# aromatic red cedar for sale



## oldworld124 (Mar 2, 2008)

Hello All,

I have a lot of aromatic red cedar for sale. These were made by edge gluing strips of cedar and dimensioning to

7/6" thick x 8" wide x 16" long.

I am asking .50 each. I would like to sell a minimum of 50 at a time.

These are perfect for box bottoms or lining drawers.

Can also be used for drawer sides or backs.

Send me an email if interested.

Thanks, John


----------



## stefang (Apr 9, 2009)

I would buy the whole lot if the shipping were prepaid John, LOL.


----------



## wwbob (Jul 12, 2010)

Not to be too picky, but is that 7/16" thick?


----------



## oldworld124 (Mar 2, 2008)

I thought I would post some samples of the cedar. I went out and measured them more closely and here are the results:

1/2" thick 7 1/2" wide & approximately 16" long (+/- 1/8") on average.

They are made up with 2 to 3 pieces edge glued together. All of the stock has been machined to consistent sizes.
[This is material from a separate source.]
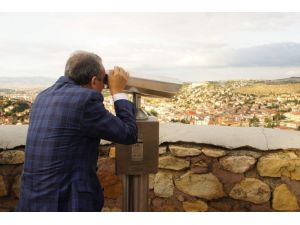 Bakan Eker: “Heykelin Dikilmesi Provokatif Bir Eylem”
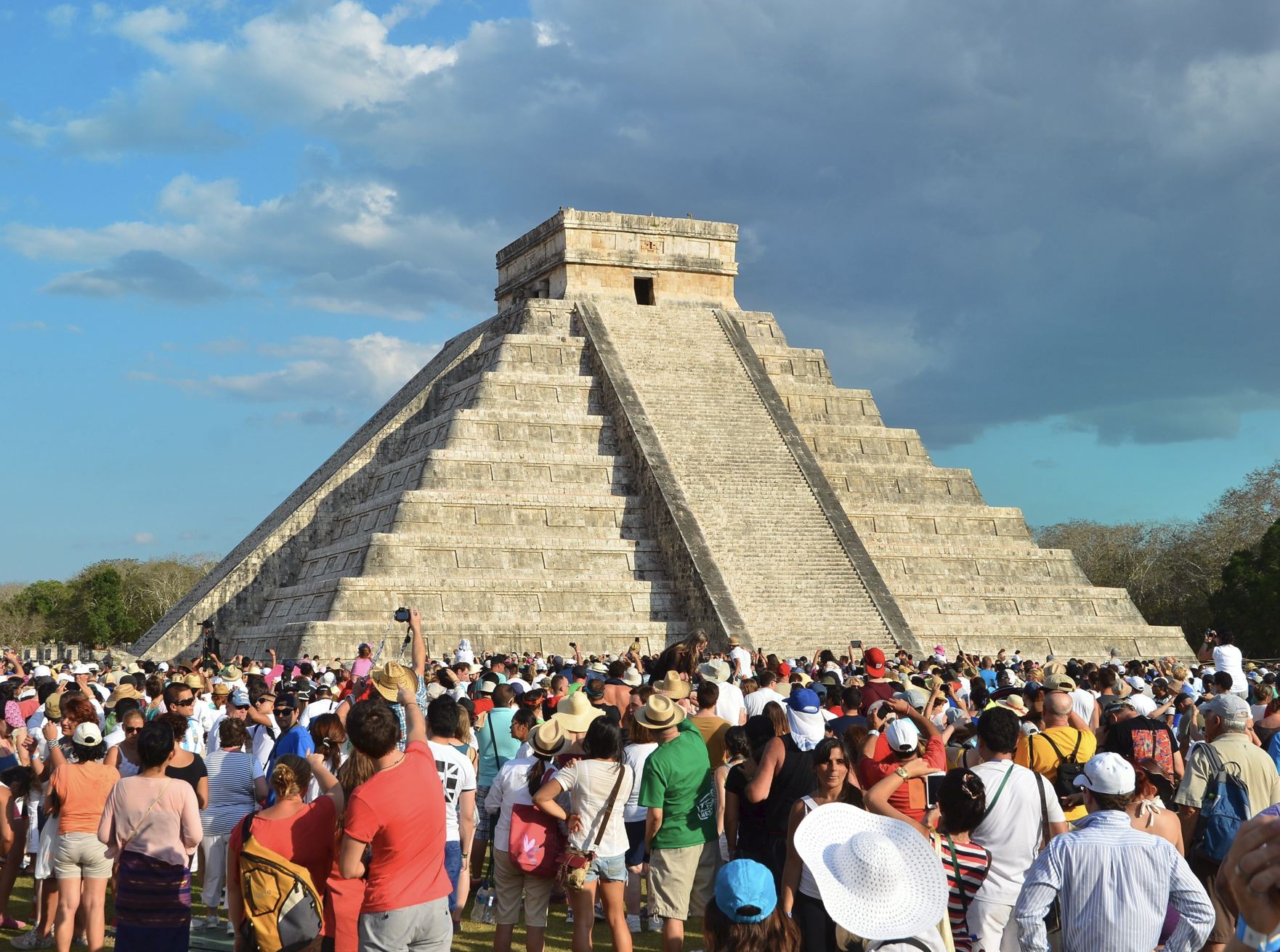 Chichén lleno de gente itza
The actual color is much brighter.

Thanks, John


----------



## Hayley (Mar 15, 2012)

Hi, John,

I am interested in some cedar, but I need to look into shipping fees and possible customs charges into canada.

Hayley


----------



## oldworld124 (Mar 2, 2008)

Hello Haley,
I'm sorry but am not shipping any of this cedar. It might also be a bit difficult to ship wood out of the US to Canada. 
I have some projects going on right now and might end up using it all. If not, I will re-post what is left, which right now is about 6,000 pieces in various sizes.


----------



## Hayley (Mar 15, 2012)

Hi, John,
No problem.
I am going to look into the importing rules for future reference, as when I looked locally I was told it is difficult to find, so I may have to widen my search. Here is my email for future reference: [email protected], and I'll keep my fingers crossed. ;p Enjoy the projects!! The wood looks gorgeous!!


----------